Employees who post reviews of their employer’s products and services on social media sites, without disclosing their corporate affiliation, can land their employer in an FTC enforcement action. Social Media scrabble lettersThe FTC’s second enforcement action for violation of the agency’s endorsement guidelines, announced on August 26, makes this point.

According to the FTC, Reverb Communications, an on-line public relations firm, sought to boost sales of its clients’ gaming applications by having its employees post positive reviews on iTunes.
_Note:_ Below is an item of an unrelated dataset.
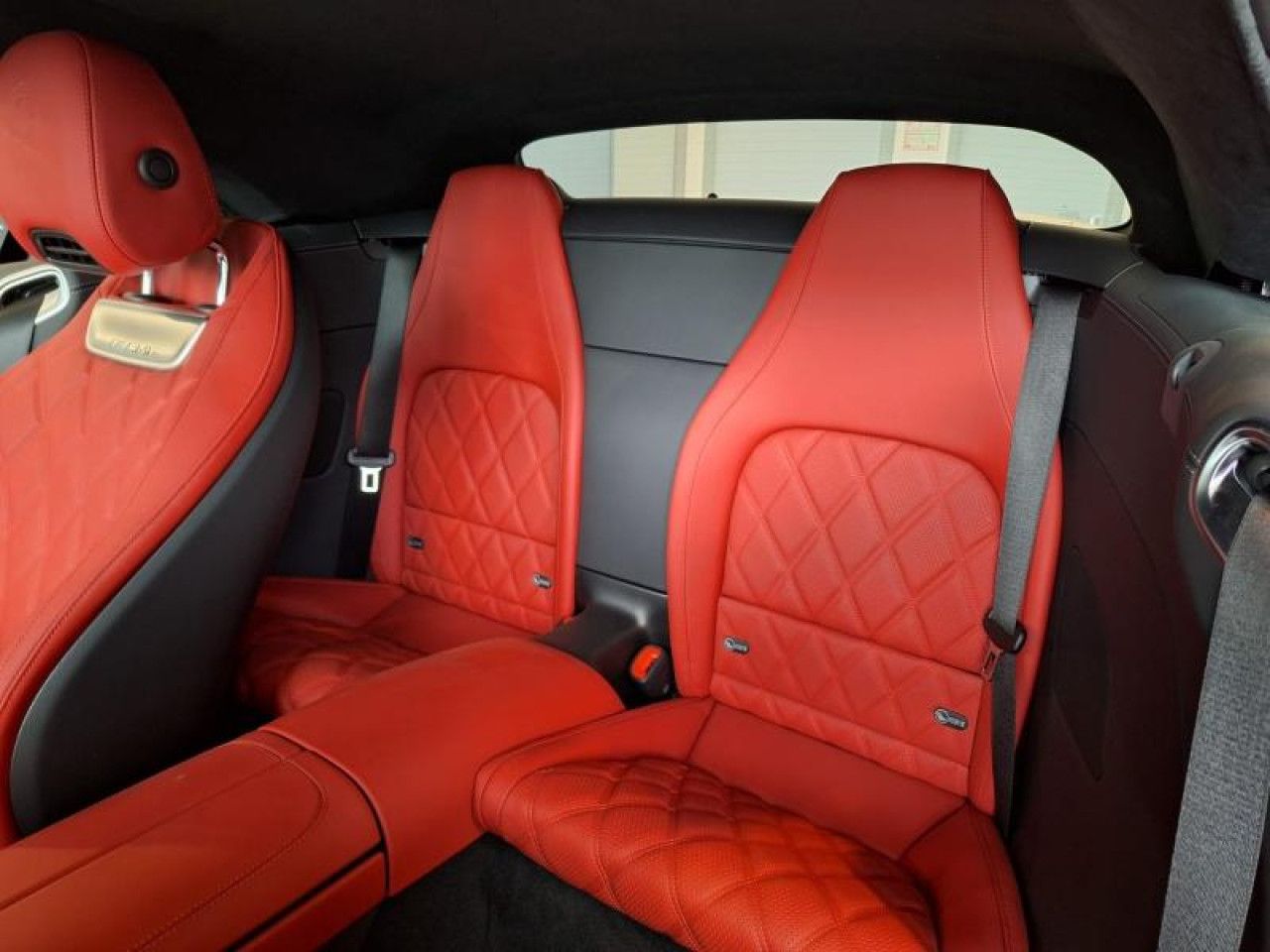 Photo du v&eacute;hicule 18 / 18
Over the course of nine months, Reverb employees, posing as disinterested users, gave clients’ games a rating of 4 or 5 and posted comments, such as “Amazing new game,” “ONE of the BEST,” and “Really Cool Game.” According to the FTC, these reviews were misleading because they did not, as suggested, come from independent, ordinary consumers, but from Reverb employees who had a financial incentive to provide a positive endorsement.

In the agreement resolving the FTC’s complaint, Reverb agreed, among other things, (a) not to permit its employees to endorse any product without conspicuously disclosing the employee’s connection to Reverb and/or the manufacturer or advertiser of the product; (b) to take reasonable steps to remove the endorsements that were posted without full disclosure; (c) to maintain for five years all documents related to the company’s compliance with the agreement; and (d) to obtain for five years all current and future employees’ acknowledgement of receipt of the company’s agreement with the FTC.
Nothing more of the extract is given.